EXERCISE OBJECTIVE:
Among the lines below, output only those between the line holding "this 1200×600 image." and the line holding "this 800×450 image.", inclusive, exactly as written and with no pictures.
(RECORDS FOR PROCESSING begins)
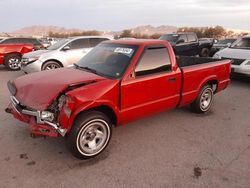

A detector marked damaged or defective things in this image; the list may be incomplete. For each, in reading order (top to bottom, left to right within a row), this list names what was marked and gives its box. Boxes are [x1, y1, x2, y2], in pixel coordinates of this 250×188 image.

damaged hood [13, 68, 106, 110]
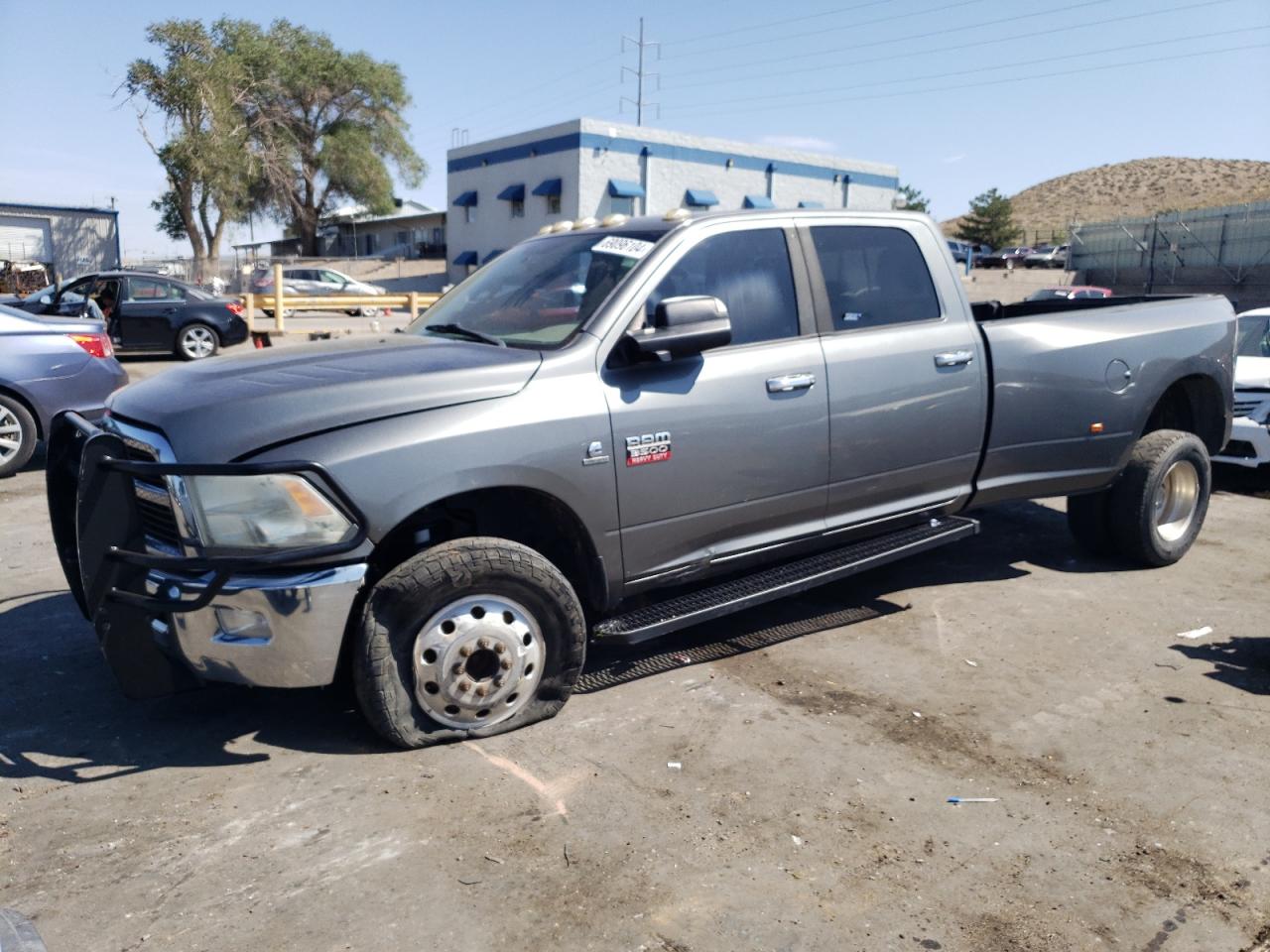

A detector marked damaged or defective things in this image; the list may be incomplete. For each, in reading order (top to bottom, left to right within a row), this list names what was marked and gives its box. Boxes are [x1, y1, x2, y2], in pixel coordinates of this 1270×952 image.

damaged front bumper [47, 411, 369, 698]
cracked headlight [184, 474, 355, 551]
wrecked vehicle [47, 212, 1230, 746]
(RECORDS FOR PROCESSING ends)
(RECORDS FOR PROCESSING begins)
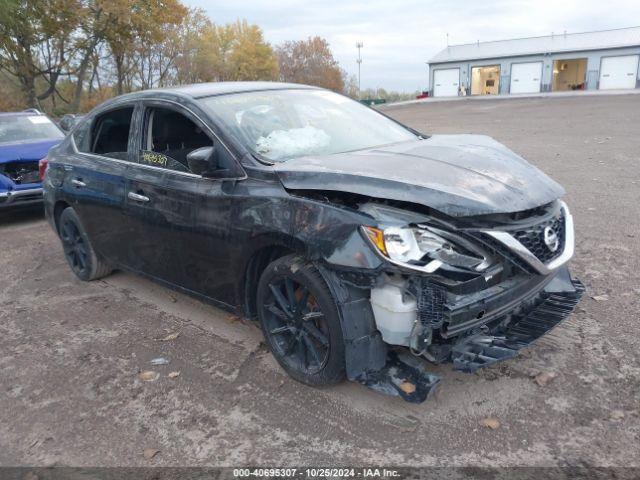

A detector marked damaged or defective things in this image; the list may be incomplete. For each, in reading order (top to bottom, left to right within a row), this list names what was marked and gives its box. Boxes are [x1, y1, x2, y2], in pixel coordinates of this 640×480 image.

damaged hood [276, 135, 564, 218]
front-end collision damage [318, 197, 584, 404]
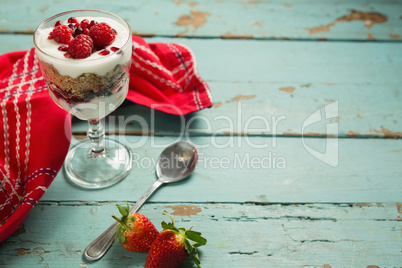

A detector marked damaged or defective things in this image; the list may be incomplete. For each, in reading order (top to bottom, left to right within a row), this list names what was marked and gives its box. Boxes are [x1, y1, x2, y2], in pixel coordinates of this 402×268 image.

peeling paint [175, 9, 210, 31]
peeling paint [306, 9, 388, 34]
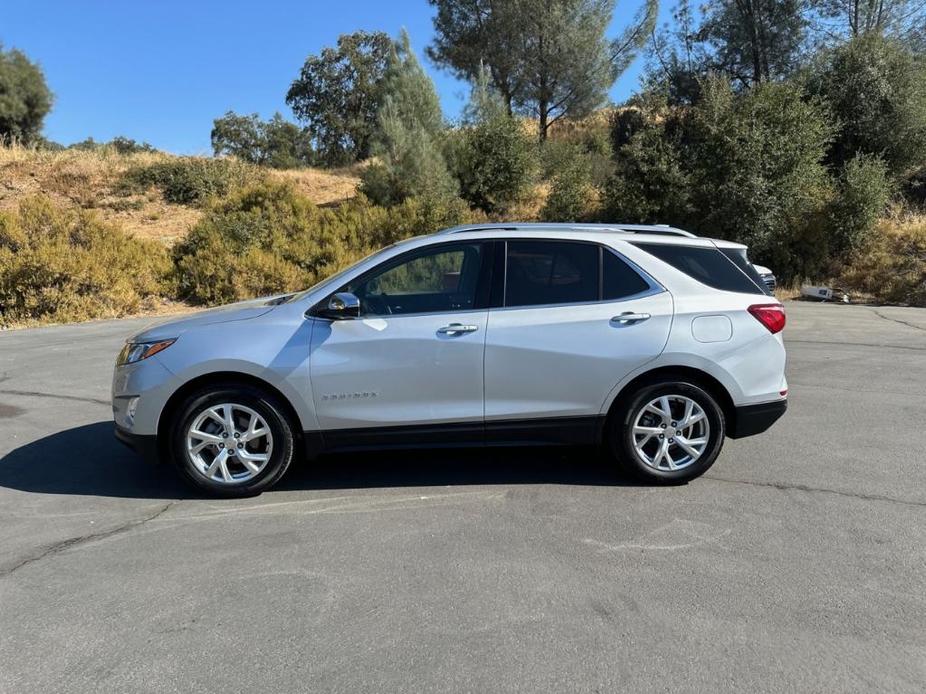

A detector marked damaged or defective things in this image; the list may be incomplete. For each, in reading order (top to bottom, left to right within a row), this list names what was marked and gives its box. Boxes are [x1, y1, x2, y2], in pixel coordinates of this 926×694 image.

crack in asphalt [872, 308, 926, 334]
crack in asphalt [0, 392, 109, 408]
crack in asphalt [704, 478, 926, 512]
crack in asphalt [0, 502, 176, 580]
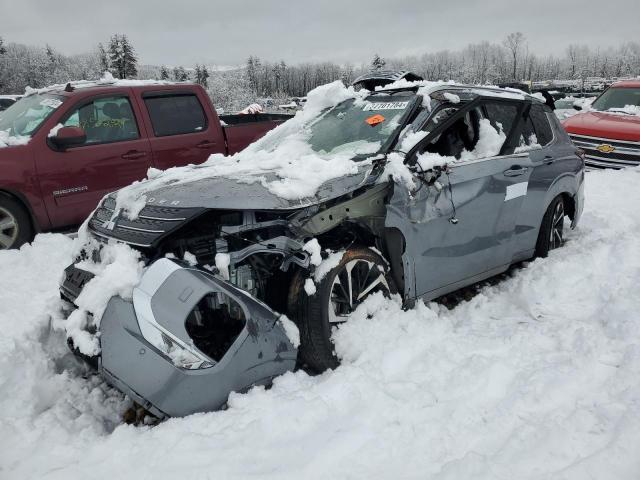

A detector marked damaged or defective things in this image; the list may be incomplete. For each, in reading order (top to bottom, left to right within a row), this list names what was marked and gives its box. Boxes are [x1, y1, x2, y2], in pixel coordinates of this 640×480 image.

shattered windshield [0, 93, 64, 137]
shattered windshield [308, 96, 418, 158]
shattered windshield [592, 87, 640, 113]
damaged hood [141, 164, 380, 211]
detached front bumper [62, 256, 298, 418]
(RECORDS FOR PROCESSING ends)
(RECORDS FOR PROCESSING begins)
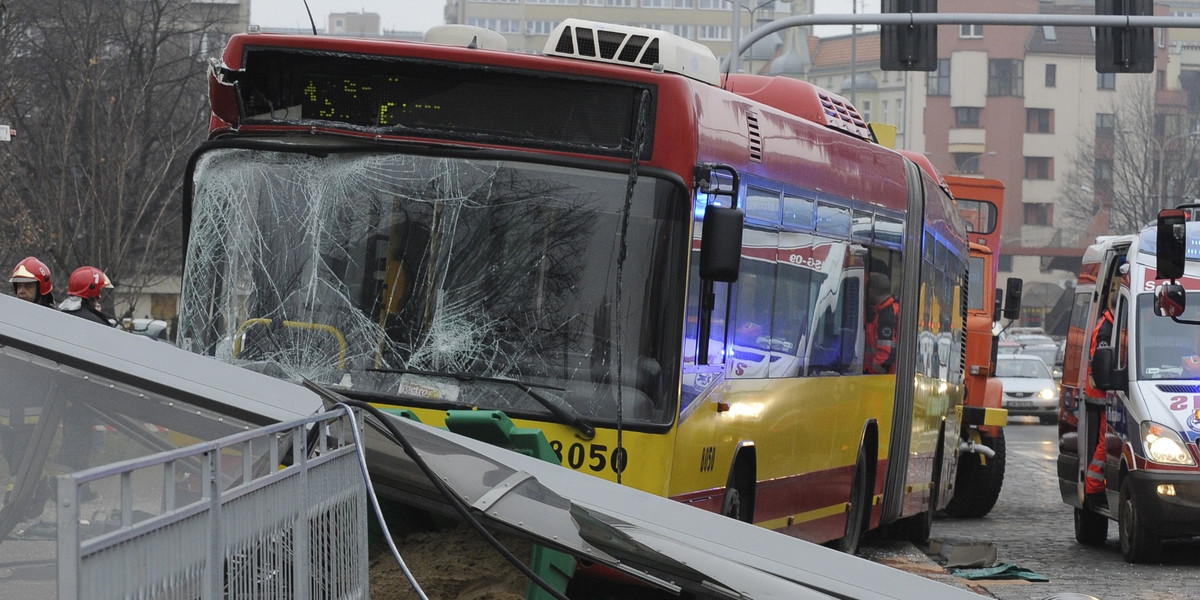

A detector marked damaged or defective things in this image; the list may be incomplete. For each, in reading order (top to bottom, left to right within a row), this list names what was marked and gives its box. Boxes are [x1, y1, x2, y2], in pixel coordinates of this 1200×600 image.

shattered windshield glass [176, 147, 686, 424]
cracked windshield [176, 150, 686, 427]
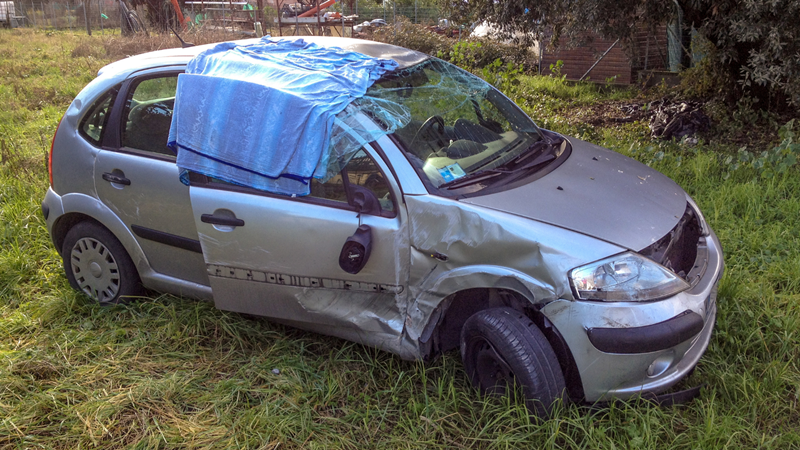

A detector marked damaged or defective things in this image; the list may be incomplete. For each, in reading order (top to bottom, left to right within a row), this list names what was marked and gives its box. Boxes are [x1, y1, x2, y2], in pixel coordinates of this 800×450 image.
(RECORDS FOR PROCESSING ends)
RESULT OF THIS EXERCISE:
A detector marked damaged or defective things in this image; the list may be incomplete. For each, in reading order (top to bottom, left to right within a row), this list names what was marked and gives its box. Boxes are [x1, y1, x2, y2], in pixel coordinates of this 1200×600 image.

shattered windshield glass [176, 147, 686, 424]
cracked windshield [176, 150, 686, 427]

A detector marked damaged or defective things in this image; the list may be incomplete. For each, in reading order (top to bottom, left to right within a row), this list names what was marked and gives its box. Boxes are [x1, y1, x2, y2], in pixel coordinates of this 800×450 image.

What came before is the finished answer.